Urgent action needed to prevent thousands of children in care being in UK unlawfully, warns charity

    Lack of consistent approach leaves young people eligible for EU resettlement scheme at risk of becoming undocumented in 2021, report finds

    A sign saying 'immigration' at an airport
    Photo: fotolia/asiandelight

    Thousands of children in care and care leavers could be at risk of being left unlawfully resident in the UK next year without co-ordinated action between central government and local authorities, a charity has warned.

    A report published this week by Coram Children’s Legal Centre (CCLC) said a “comprehensive” UK-wide plan was urgently needed to identify and support young people eligible for the EU settlement scheme.

    The programme enables citizens from the European Economic Area and Switzerland – and family members – to remain in the post-Brexit UK after 30 June 2021. Failure to apply by that deadline, which the report said should be extended, will leave individuals undocumented and liable to ‘hostile environment’ measures that restrict access to crucial amenities including housing, education and healthcare.

    The report said that while the Home Office had in 2019 estimated there were around 5,000 looked-after children and 4,000 care leavers eligible for the scheme, “there has not been any successful, systemic attempt to accurately identify and count and the true number in order to support each one to apply”.

    It added that, based on casework carried out by CCLC, there was little consistency of practice between local authority areas.

    “We are very concerned that [in some local authorities] there is no lead being taken; identification and referral for support depends on whether the child or young person happens to have a social worker or personal adviser who is aware and knows the steps to take,” the report said. “In others, we fear no identification has been attempted yet at all.”

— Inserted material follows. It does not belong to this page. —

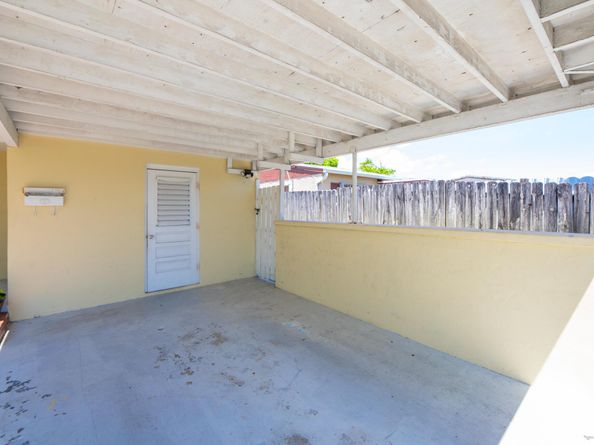 5225 NE 5 Avenue, Oakland Park FL 33334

    ‘Support and resource’ local authorities

    Among a lengthy series of recommendations, CCLC’s report, Children left out? Securing children’s rights to stay in the UK beyond Brexit, said:

    • It should become normal practice for local authorities to realise a looked-after child’s option of registering as a British citizen where the child wishes to and it is in their best interests, taking into consideration the effect on any other citizenship they hold.
    • The Home Office should support and resource local authorities to identify all eligible children known to them so that social workers can provide information on the EU settlement scheme where possible.
    • The Office of the Immigration Services Commissioner and the Home Office should make social workers’ role clearer: whether they should be making applications for any child or young person and if so, how this work is regulated and overseen.
    • No child or young person who has previously held ‘pre-settled’ status (granted to people who have not lived in the UK for five years continuously) should fall off their route to settled status if they do not make their application at the right time, with the Home Office to advise them on what they need to do when.
    • The Home Office should introduce a provision to grant settled status to all looked-after children and care leavers who apply to the EU settlement scheme.

    ‘Tip of the iceberg’

    The new report said the 9,000 young people within the Home Office estimate represented “the tip of the iceberg” in terms of the total number of children known to local authorities and likely to need support.

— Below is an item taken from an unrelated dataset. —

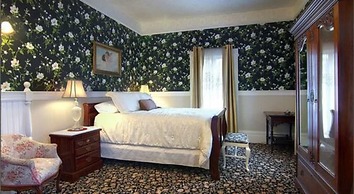 Gingerbread Mansion Inn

    An attempt by the department to gather data during the summer last year merely asked councils to count looked-after children, care leavers and those on child protection plans, it warned.

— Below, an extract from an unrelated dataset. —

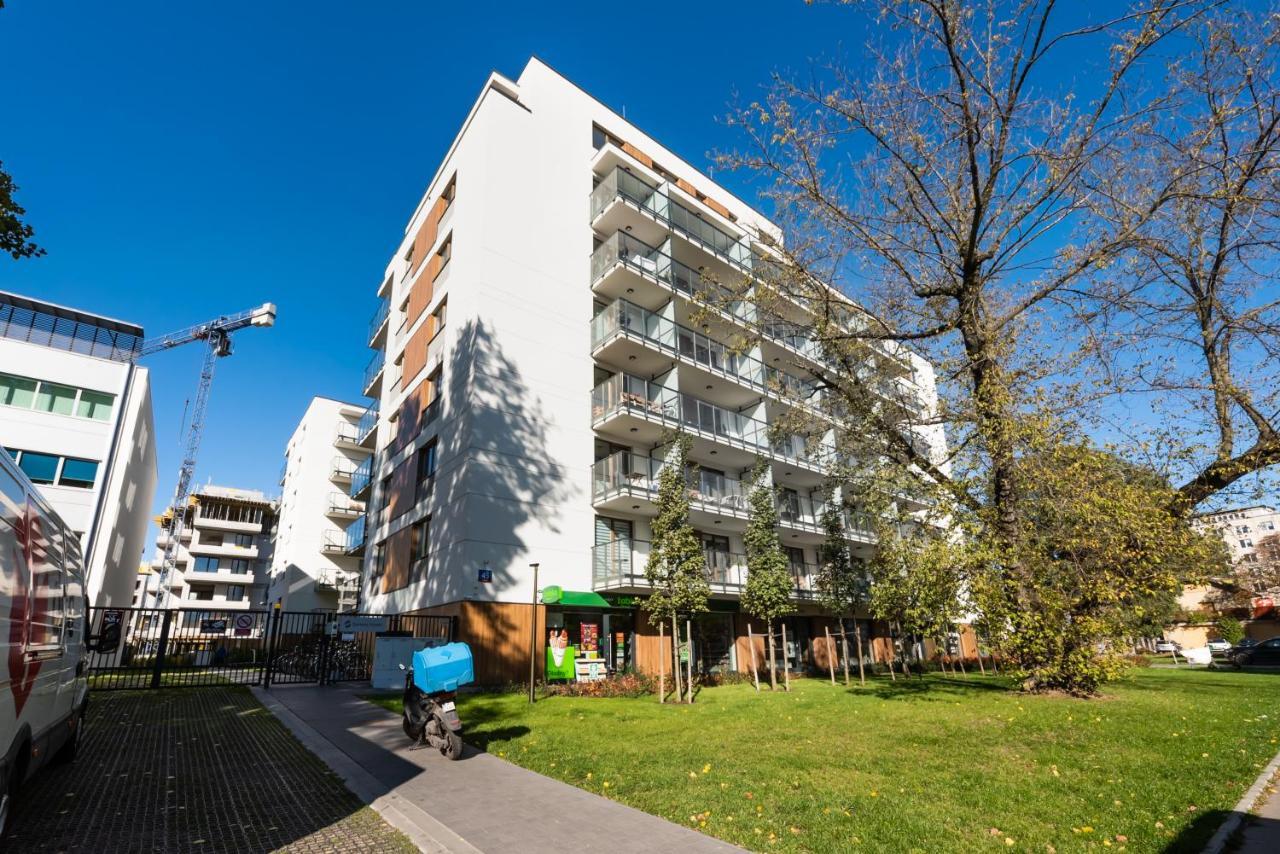 East Side Of 111 Apartment Warsaw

    “There is a danger that authorities are completely missing the needs of other children, including children in [alternative] care arrangements whose contact with their local authority is less, or non-existent,” the report said.

    It added that children under special guardianship orders, as well as those in informal or private fostering arrangements, who do not receive statutory local authority support, were “extremely vulnerable”.

    The report went on to note that while amended government guidance underscored the expectation that social workers would prepare and submit immigration applications on behalf of children under the care of their local authority, there was “no statutory change granting [them] this power”.

    Nor was there any oversight of the quality of applications they submit on behalf of children, the report said, adding: “This presents new risks for children and serious challenges for their social workers.”

    ‘Falling through the gaps’

    Marianne Lagrue, the CCLC policy manager, said that beneath headline figures – that 3.6m applications have been made so far to the EU settlement scheme – potential gaps around children’s applications were a concern.

    “Based on our work helping hundreds of children, young people and families to apply, we know that many struggle with different aspects of the scheme, and there is confusion about which children are, or could become, British citizens,” she said.

    “We are particularly concerned that there are thousands of children and young people in the care of the state who still need to apply,” Lagrue said. “This government must act now to resolve the immigration status of the children in its own care. If they cannot, this has worrying implications for whether the system can reach every eligible child and young person with just one year to go. The government needs a comprehensive plan and should extend the deadline.”